The giving strategy shouldn’t be confused with what Grant calls “matching,” which is doing things with an expectation of reciprocity. Givers, like myself, do not act with an expectation of immediate reciprocity, “tit for tat” and instead are more likely to focus on paying it forward by contributing to communities that help us and we can help. Giving, only when there is immediate benefit greatly reduces the amount of people who benefit from what you can give, reducing the potential pool of contacts you can call on when you need help.

According to Grant, successful givers collaborate by taking on “tasks that are in a group’s best interest.” We’ve been taught, by a over-simplified understanding of the concept of “the survival of the fittest” to think of giving as being unnatural or weak. We’ve been taught that we should naturally act like those that Grant calls “Takers,” those who seek to get as much personal benefit from everyone they interact with. Grant writes that givers are “not necessarily altruistic [and that] successful givers are every bit as ambitious as takers and marchers. They simply have different ways of pursing their goals.”

It’s Only Natural

Cat sleeping on a sleeping dog.This overly simplified view of natural selection is funny, because we are a species that has become so successful because of how well we work together. Among our defining characteristics is our ability to modify our environment to support large numbers of us living together, and our unique capabilities for language that facilitate everything from hunting in groups to exchanging information for mutual benefit.

What I’ve learned from studying ecology and biology is that there really is no such thing as altruism. Instead there are acts that because of the way they benefit the group, increase an individual’s fitness, and therefore benefit the group as well.

By working to improve the WordPress community I help ensure that these resources are there for me when I need them. Before I submitted my themes to the WordPress theme repository, I joined the team that review the themes. I learned a ton by reviewing other themes while helping to provide this valuable service that theme developers like myself need.

I also rely on groups like the Advanced WordPress Facebook group as well as other useful sites when I need help. I pay forward for the help I receive by helping others. In the process I’m developing a large network of weak ties–contacts that I interact with occasionally for specific purposes. A large group of weak ties can be a lot more useful than the smaller group of close connections that marchers form as they offer a more diverse set of connections and skills.
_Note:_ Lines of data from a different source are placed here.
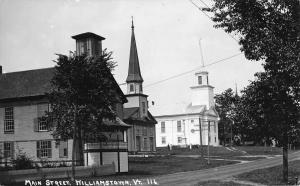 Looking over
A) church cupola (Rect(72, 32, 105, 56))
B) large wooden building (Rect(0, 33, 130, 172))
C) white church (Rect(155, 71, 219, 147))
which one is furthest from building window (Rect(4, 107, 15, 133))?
white church (Rect(155, 71, 219, 147))

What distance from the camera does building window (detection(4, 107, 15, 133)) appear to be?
42.7 meters

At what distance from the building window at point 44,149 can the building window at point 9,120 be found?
3017 millimetres

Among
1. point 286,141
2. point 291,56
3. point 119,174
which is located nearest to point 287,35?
point 291,56

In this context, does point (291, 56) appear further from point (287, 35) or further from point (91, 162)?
point (91, 162)

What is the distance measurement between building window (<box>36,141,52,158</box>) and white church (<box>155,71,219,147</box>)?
59.8 metres

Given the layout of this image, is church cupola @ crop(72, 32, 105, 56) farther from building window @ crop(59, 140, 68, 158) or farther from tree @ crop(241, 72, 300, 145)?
tree @ crop(241, 72, 300, 145)

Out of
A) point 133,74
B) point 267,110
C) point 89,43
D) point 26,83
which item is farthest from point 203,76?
point 267,110

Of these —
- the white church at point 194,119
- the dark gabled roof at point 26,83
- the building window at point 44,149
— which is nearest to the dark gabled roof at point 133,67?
the white church at point 194,119

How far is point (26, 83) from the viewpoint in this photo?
143ft

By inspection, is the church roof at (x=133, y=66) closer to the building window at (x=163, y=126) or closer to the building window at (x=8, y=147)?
the building window at (x=163, y=126)

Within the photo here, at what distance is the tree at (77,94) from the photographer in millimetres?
26859

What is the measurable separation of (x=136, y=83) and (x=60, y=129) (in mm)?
50175

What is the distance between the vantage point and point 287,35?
2059 cm

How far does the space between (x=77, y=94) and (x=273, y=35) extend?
37.4ft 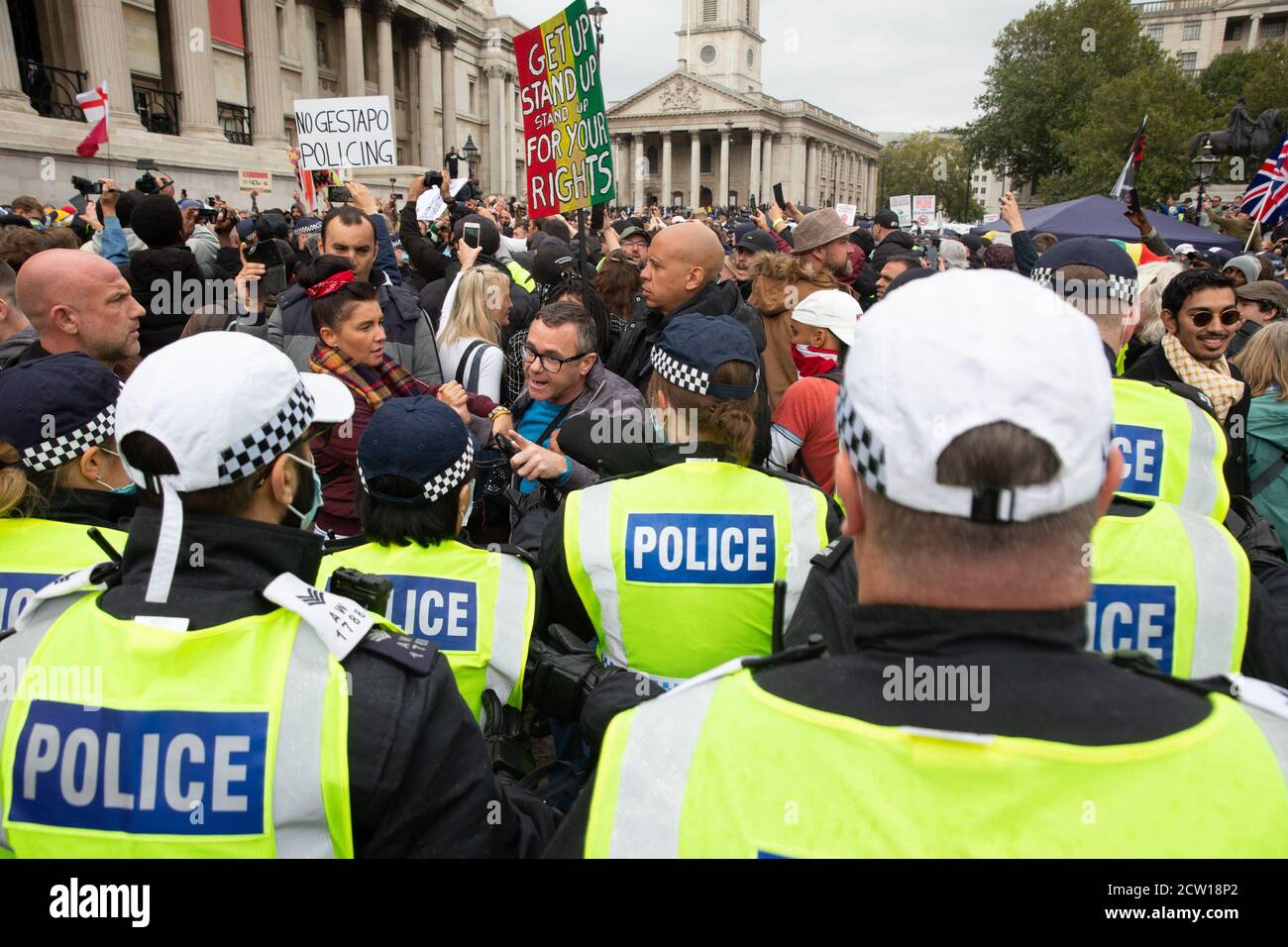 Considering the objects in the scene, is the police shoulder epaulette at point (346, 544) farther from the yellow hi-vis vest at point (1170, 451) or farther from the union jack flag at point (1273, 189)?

WordPress, both blogging and development, is an environment where the self-interested givers are especially likely to thrive. For example, I’m working on a new plugin that adds a “theme switcher bar” to the bottom of a WordPress site so users can preview different themes. It’s something I needed for my site. If other people can use it that’s great. Because of the GPL license, someone else can take it, and turn it into their own plugin. In fact that’s how my plugin started–I took a plugin that was close to what I wanted and made it into exactly what I needed and it’s now available for others to use if it fits their needs.

Even if no one uses it, I still have the plugin I need, and I got more experience teaching myself object-oriented PHP, finally figured out to do a settings page right, and I think I’ve finally gotten my head around the Options and Settings APIs. Because of the GPL if someone takes my plugin and makes it into a better version I can incorporate their changes into my plugin or just use the better version.

Giving

Will I see direct benefit from a site that reused my article without attribution. Probably not, but it doesn’t bother me. I’m used to giving freely. Am I getting screwed a little on this one? Sure, but I don’t focus on every little exchange. Overall I’ve benefited more than I can possibly calculate by what I have taken from the WordPress ecosystem. Keeping score would be pointless.

The WordPress community is woven from gifts. These gifts, contributions to core, plugins, themes and blog posts, as well as support offered to others, Meetups, WordCamps and more are gifts that people give because they need them. Is that altruistic, selfish, or is it the distinction meaningless?